Today, many people live with anxiety and distress.
In this article, I want to offer some light on these experiences and how we approach them in Gestalt Therapy.
What exactly is anxiety?
According to the RAE dictionary, anxiety is:
“Distress often associated with illness, especially neuroses, that prevents calm.”
But the truth is, many healthy people experience anxiety daily: before a job interview, an exam, a trip…
Some anxiety is functional. It becomes a problem when it’s intense, prolonged or hard to explain.
What’s the difference between anxiety and anguish?
Anguish is intense anxiety. When you feel physical symptoms like a racing heart, dizziness or sweating, it’s often referred to as anguish, though the inner process is the same.
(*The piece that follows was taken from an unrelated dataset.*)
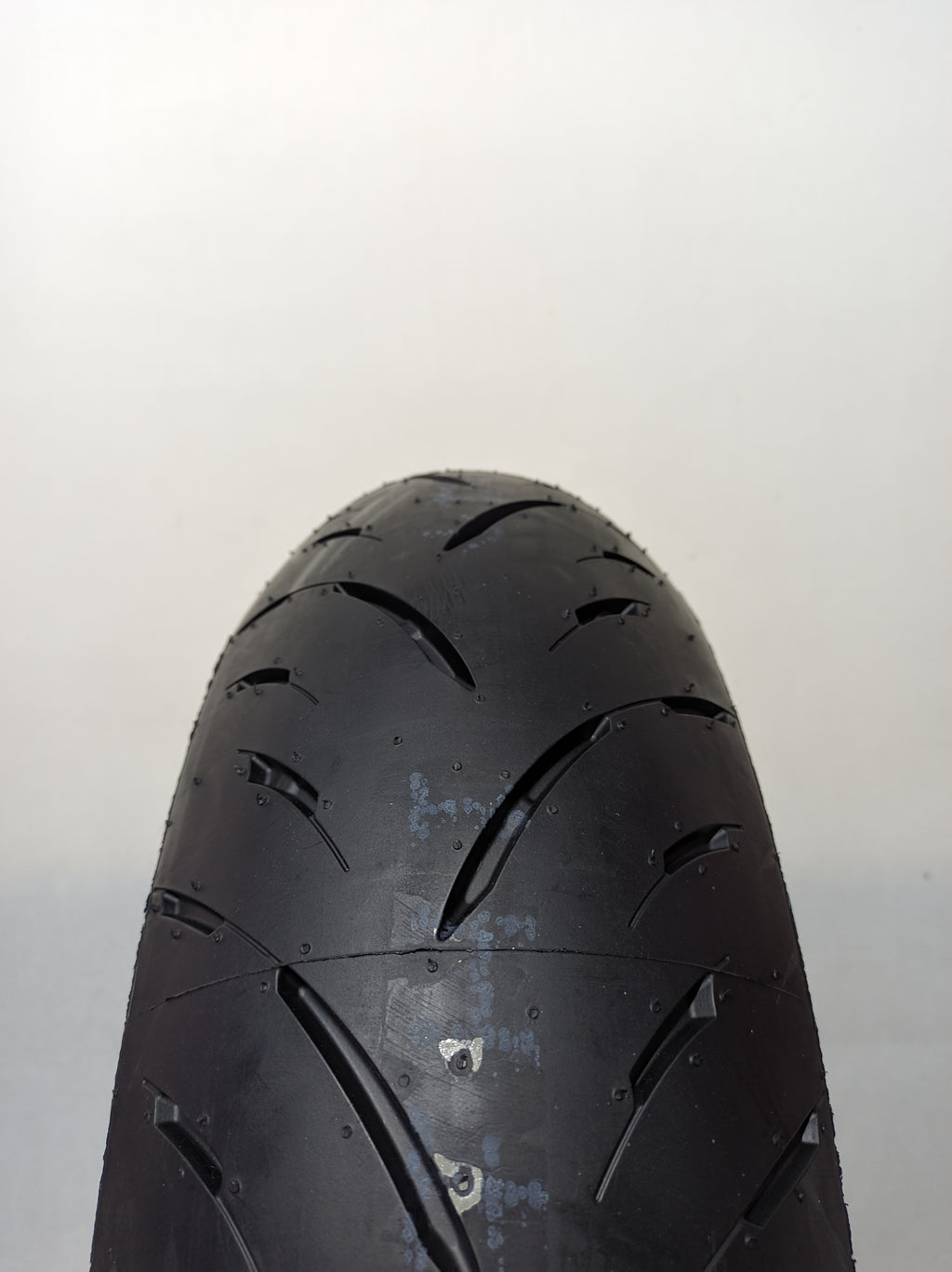 Llanta 160x60x17 R Dunlop GPR300 69H Tubular
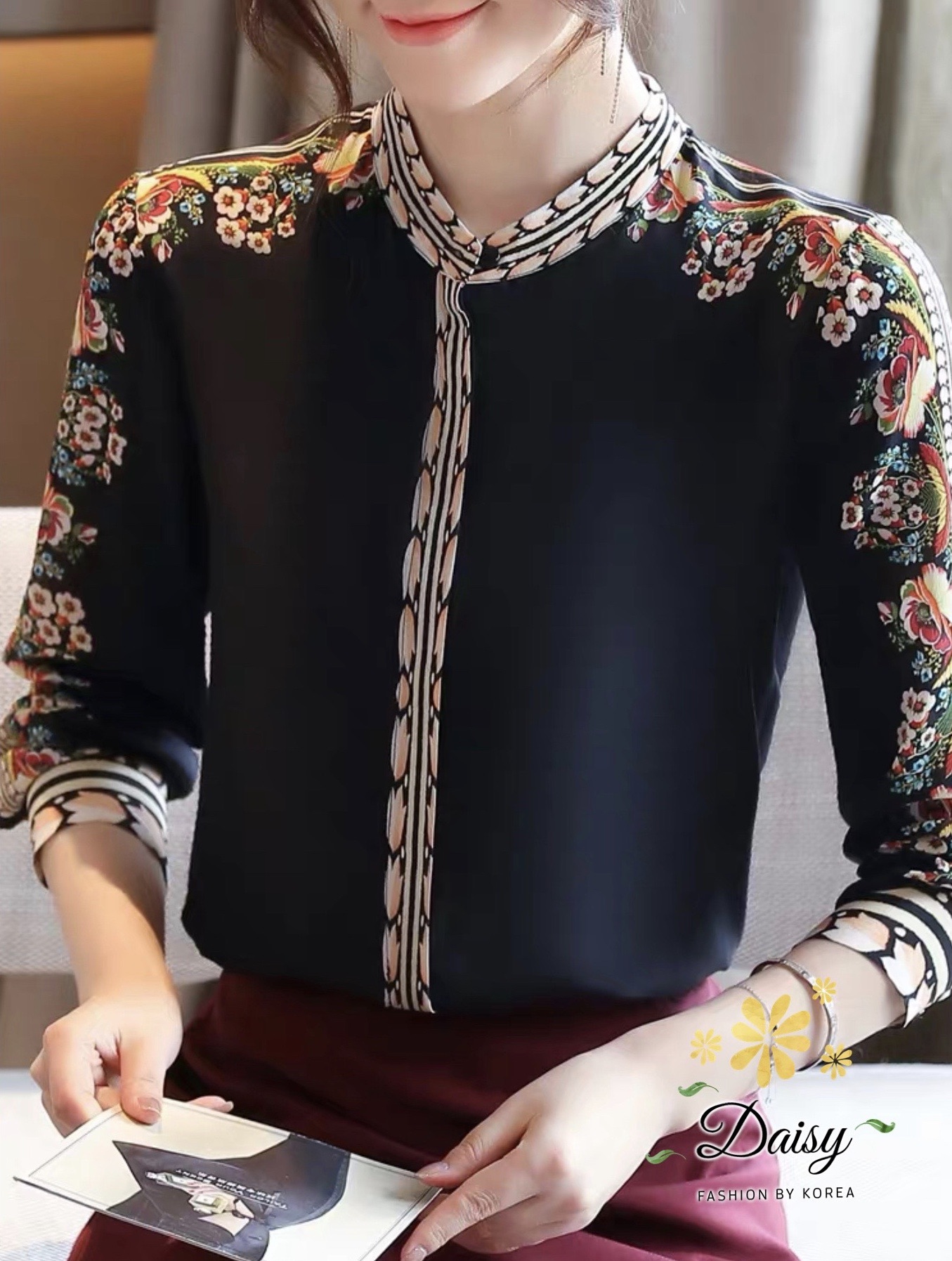 Sale++#Daisy B3567 เสื้อแขนยาวคอจีน ผ้าซาตินซิลค์พิมพ์ลายแถบสวยค่ะ เสื้อกระดุมหน้า ผ้านิ่มใส่สบาย ทรงใส่ง่าบ แมทช์ได้หลายชุดค่ะ 🌟สีดำ 🎗ไซส์ 🎗อก 40” 🎗ยาว 25”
They both point to something deeper that needs your attention.
Don’t fight it — listen
In Gestalt counselling, we don’t aim to eliminate anxiety.
We aim to understand it.
It often comes from projecting into the future, imagining worst-case scenarios and feeling fear or helplessness.
Why escape to the future?
Avoiding the present can feel safer. But it also disconnects us.
So we ask:
What’s hard about this moment?
What am I not facing?
What part of me wants to be heard right now?
Breath: your way back to presence
Conscious breathing —inhale through the nose, exhale through the mouth— helps to calm the mind and return to the here and now.
If you’re going to imagine, imagine well
Anxiety is fantasy.
So if you’re already imagining… why not create a gentler version?
One that brings calm instead of chaos?
An invitation to listen
Anxiety is not your enemy.
It’s a message asking for your presence.
If you’re ready to listen, Gestalt Therapy can support you.